One can’t say that writer-director Taika Waititi doesn’t do an efficient job at telling us just what kind of experience Next Goal Wins is going to be right from the outset. After all the studio logos, the very first image we see is of Taika himself, playing an American Samoan priest, explains to the audience the tale of the most embarrassing defeat ever to occur on a soccer pitch: a match from April 11, 2001 when Australia beat American Samoa 31-0.
The footage of that match starts both Waititi’s film and the 2014 documentary of the same name by Mike Brett and Steve Jamison that it’s based on. And it’s a perfect way to kick-start a movie about a bunch of loveable losers struggling for the meager goal of scoring a single point in literally any game.

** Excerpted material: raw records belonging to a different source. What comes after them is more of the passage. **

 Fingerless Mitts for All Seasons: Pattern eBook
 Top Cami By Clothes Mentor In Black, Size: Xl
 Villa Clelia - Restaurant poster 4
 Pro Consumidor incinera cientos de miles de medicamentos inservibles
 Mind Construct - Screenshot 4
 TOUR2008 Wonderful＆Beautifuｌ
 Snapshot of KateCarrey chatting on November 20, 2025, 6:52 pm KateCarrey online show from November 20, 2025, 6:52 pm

The cherry on top of it all is the darkly hilarious moment when American Samoa’s goalie, Nicky Salapu, flops over in a near-fetal position after the game.
But while Brett and Jamison understood that the footage speaks for itself, Taika injects himself and some quirky narration into the footage, which adds nothing but an extra kick while the poor bastards are down. This, as it turns out, is the running motif of Next Goal Wins: taking a story that already has enough tragic comedy all its own and actively adding irritants to it.

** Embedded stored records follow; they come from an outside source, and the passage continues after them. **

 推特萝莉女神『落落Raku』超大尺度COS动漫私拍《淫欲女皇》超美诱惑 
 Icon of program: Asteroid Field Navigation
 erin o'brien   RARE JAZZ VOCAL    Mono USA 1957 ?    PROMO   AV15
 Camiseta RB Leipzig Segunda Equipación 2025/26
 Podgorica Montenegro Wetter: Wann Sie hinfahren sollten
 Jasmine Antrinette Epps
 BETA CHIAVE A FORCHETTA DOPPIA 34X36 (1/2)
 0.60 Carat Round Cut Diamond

The true story in question, and the subject of the documentary, is that, in 2014, the American Samoan team hires former U.S. men’s soccer coach Thomas Rongen to help whip the players into shape. And before any “white savior” alarms are set off, Brett and Jamison’s film becomes less about a white guy showing brown people how to play soccer than it is about Rongen and the team working in tandem trying to translate Samoan culture to the soccer pitch. There’s still some of that in Waititi’s film, but it’s drowned out by the tired sports movie tropes, dated stereotypes, and xenophobic jokes that drop a mile a minute, most of them landing with a thud.
Rongen comes across in the documentary as an ornery but genuinely empathetic sort of guy. It’s not long after his first week of training the team that his curiosity more than his expertise leads the way in how he forges a bond with the players. Waititi’s film, on the other hand, turns Rongen (Michael Fassbender) into a hot-headed Gordon Ramsey-esque blowhard. While, of course, the arc of the film eventually bends him where he needs to go, it’s a long, grating road getting there, in which the generally excellent and game cast of Indigenous actors are mostly affably clueless props in Rongen’s culture-shocked evolution toward being a better person.

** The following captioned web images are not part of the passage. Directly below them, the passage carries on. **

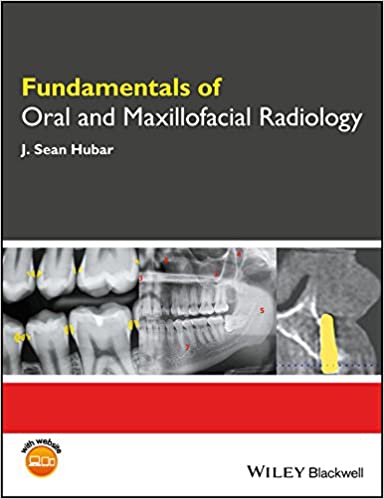 Fundamentals of Oral and Maxillofacial Radiology (Fundamentals (Dentistry))  - Original PDF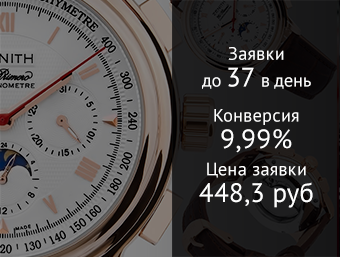 Копии часов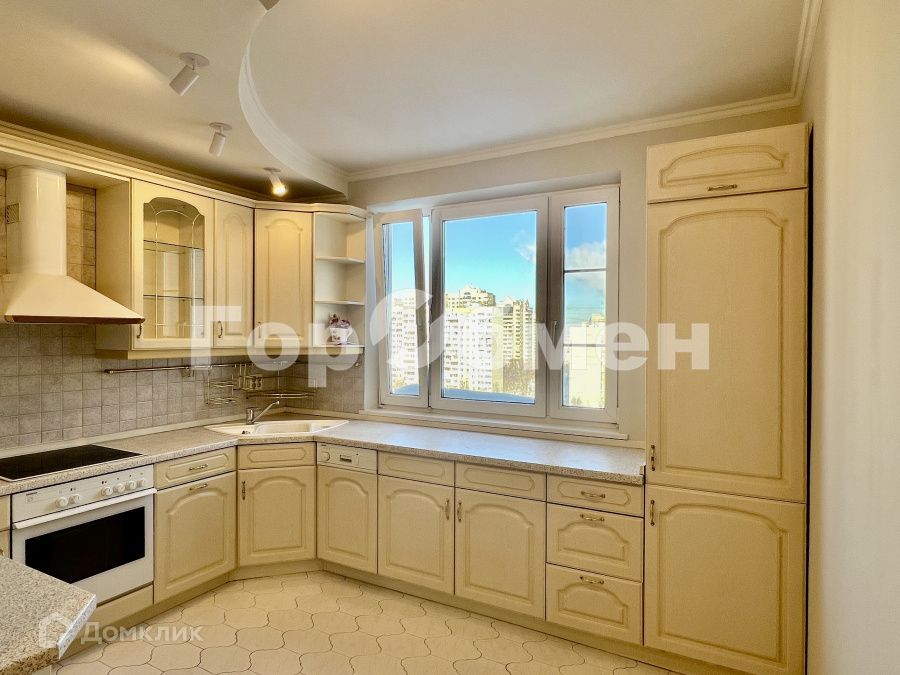 4-комн., 112.2 м², 15/17 этаж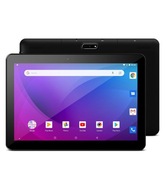 Tablet Allview Viva 1003G; 10,1" 1 GB / 16 GB čierny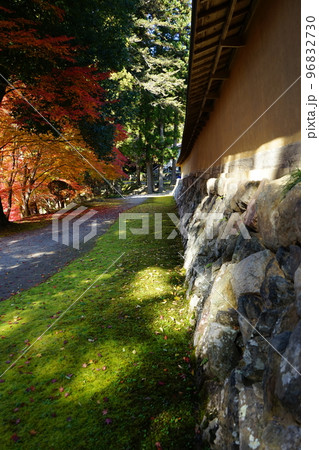 古刹妙見山黒石寺のお堂 古刹妙見山黒石寺のお堂 96832730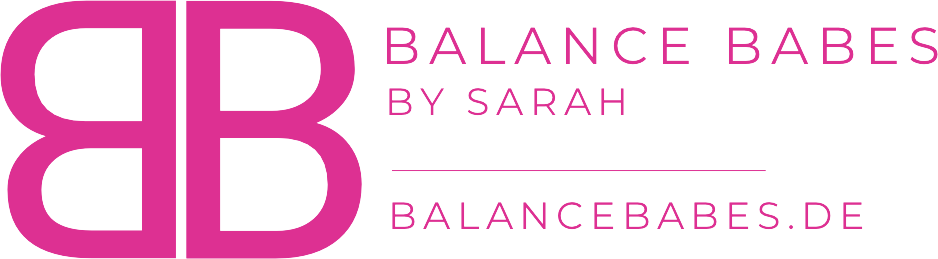 Balance Babes by Sarah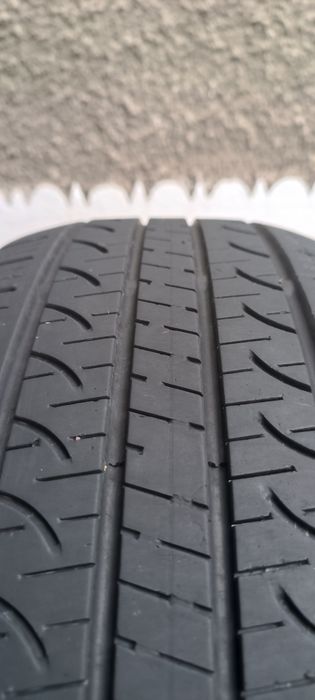 Yokohama 225/65/r17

Nowhere is this more pronounced and borderline insulting than in the film’s portrayal of Jaiyah Saelua. Her story, as the first trans person to compete in a World Cup qualifier, could probably support a film all on its own. Despite an unassailable performance from newcomer Kaimana, her arc is reduced to fictionalized tension, being deadnamed in a heated moment on the field, forgiving Fassbender’s Rongen for it shortly after, and—despite being made team captain—largely being sidelined until Rongen can come to a catharsis about his own personal tragedy.
The common denominator in the film’s faults is Waititi. His hallmark frivolous sense of humor clashes with the heartwarming emotions at play, the traditional demands of the genre, and the far more engaging emotional honesty of the real story. The stars align for the film only once, in a sequence where four different narrators tell their families about the climactic game against Tonga. Otherwise, Next Goal Wins feels like five different films, all of them failing to coalesce in an effective way because every 30 seconds the script thinks it has to crack wise.